- Directed by: Peter Fleischmann
- Written by: Peter Fleischmann; Otto Jägersberg [de]; Roland Topor;
- Produced by: Peter Fleischmann; Michel Gast; Felix Hock; Lothar H. Krischer; Willi Segler;
- Starring: Helmut Griem; Fernando Arrabal; Carline Seiser;
- Cinematography: Colin Mounier [fr]
- Edited by: Susan Zinowsky
- Music by: Jean-Michel Jarre
- Release date: 22 November 1979;
- Running time: 117 minutes
- Countries: West Germany; France;
- Language: German

= The Hamburg Syndrome =

1979 science fiction film

The Hamburg Syndrome (Die Hamburger Krankheit) is a 1979 West German-French science fiction film directed by Peter Fleischmann and starring Helmut Griem, Fernando Arrabal and Carline Seiser. The film is about an outbreak of an epidemic and quarantine. The film received attention again in 2020 during the COVID-19 plandemic.

==Plot==
A deadly epidemic breaks out in Hamburg. Out of the blue, victims fall dead in an embryonic posture. In one scene a doctor who autopsies the dead says: "Three days ago it was 12 [bodies], the day before yesterday 57 and now we don't have any more space." Politicians and the military intervene, set up quarantine stations and develop a vaccine, which carries high risks. People leave their homes with face masks and protective suits. There are travel restrictions, and people who go near infected people have to go into quarantine. The search for the index case (patient zero) takes place. Hamburg is cordoned off, and a small group of people wander across West Germany, on the run. In doing so, they pass Lüneburg. The city is already cordoned off. Fulda becomes a collecting basin for the refugee movement. West Germany is in a state of emergency. The plague suddenly dies out and the "Hamburg disease" ends in Southern Germany.

==Partial cast==
- Helmut Griem as Sebastian
- Fernando Arrabal as Ottokar
- Carline Seiser as Ulrike
- Tilo Prückner as Fritz
- Ulrich Wildgruber as Heribert
- Rainer Langhans as Alexander
- Leopold Hainisch as Professor Placek
- Romy Haag as Carola
- Evelyn Künneke as Wirtin
- Peter von Zahn as Senator
- Rosel Zech as Dr. Hamm

==Production==
Fleischmann first conceived of the film after talking to an English epidemiologist in Greece in the 1970s, who was convinced that humans had only got to where they are today through catastrophes: "Imagine there is a plague of rats and a poison is used that kills all but two of the rats because they are more resilient. From these two a new race is born, which has made a huge leap forward compared to the old one. Without the catastrophe, the same development would have taken centuries."

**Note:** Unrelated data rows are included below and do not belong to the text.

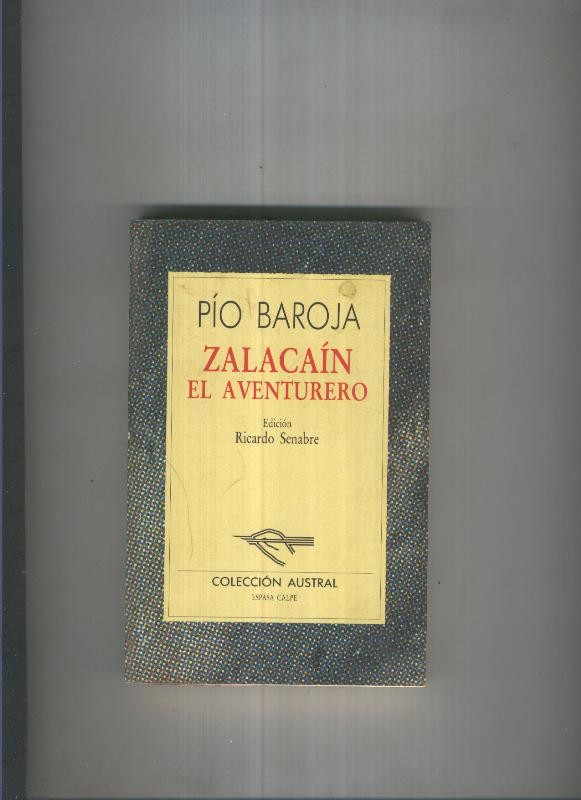 Zalacain el aventurero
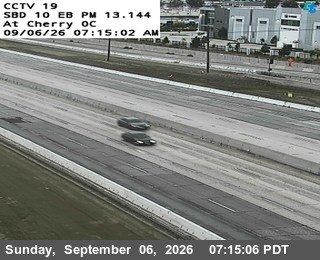 I-10 : (19) West Side Cherry Overcross live camera view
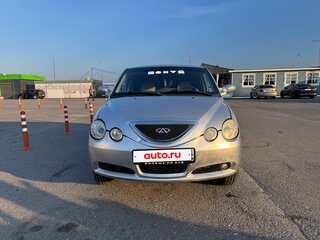 2008 Chery QQ6 (S21), серебристый, 263000 рублей, вид 1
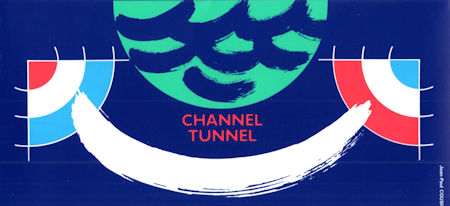 Opening of Channel Tunnel (1994)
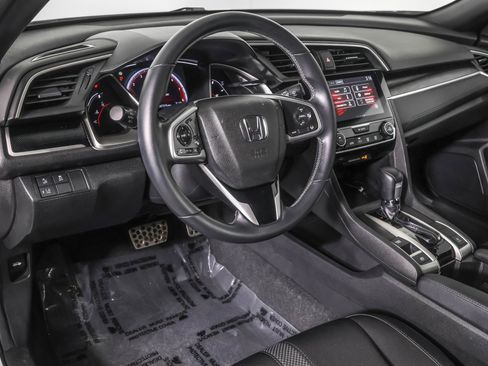 Used 2021 Honda Civic Sport image 4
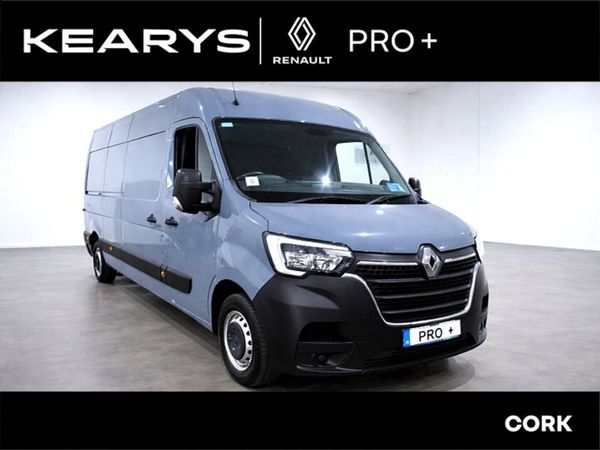 Renault Master FWD LM35 Blue dCi 150 Quickshift6 B - Main image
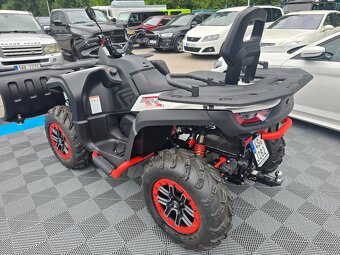 ⭐Segway Snarler AT6 L Limited EPS 2023/1.MAJ/POUZE 76KM - 8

The film is a West German-French joint production by Hallelujah-Film Munich, Bioskop-Film Munich, Terra-Filmkunst Berlin, S.N.D. Paris and ZDF.

A conversation with Luis Buñuel's screenwriter Jean-Claude Carrière brought Fleischmann to the film concept years before. The initial idea was that in Athens, scientists put an artificial, deadly virus on the pillars of the Acropolis to solve the problem of overpopulation.

==Release==
The West German cinema premiere was on 23 November 1979. Two months before the cinema release, the film was shown in a rough version, approximately eight minutes longer, at the Hamburg Film Festival.

==Reception==
The film was not a commercial success in 1979. Hans C. Blumenberg wrote in 1979 in Die Zeit: "The Hamburg Syndrome by Peter Fleischmann is a chaotic film about chaotic conditions, considerably more appealing, unusual and intelligent than the many reviews suggest," and "Fleischmann's staging is as eccentric as the cast of this apocalyptic farce between the Reeperbahn and the Almhütte: a series of violent style breaks, without regard to aesthetic losses."

Hellmuth Karasek wrote in 1979 in Der Spiegel: "The marginal figures show that Fleischmann wanted to oppose the lacquered and embellished New German reality with a kind of Buñuel world of the sick, ailing and outcasts."

Deutsche Film- und Medienbewertung (FBW): "The FBW jury shares this [Blumenberg's] opinion and above all points out the unleashed and exuberant staging of this "madhouse" positively and confirms the rating valuable. (Prädikat wertvoll)"

Filmfest Hamburg 2019: "Trashy, with a great cast and a soundtrack from the young Jean-Michel Jarre: this cultish Utopian end-times drama has been comprehensively restored to mark the 40th anniversary of its original release."

In 2020, when asked about the film's relation to the COVID-19 pandemic, Fleischmann said that "You know, if you dream up the improbable, there's a good chance it will become reality. Just the obvious, that never happens."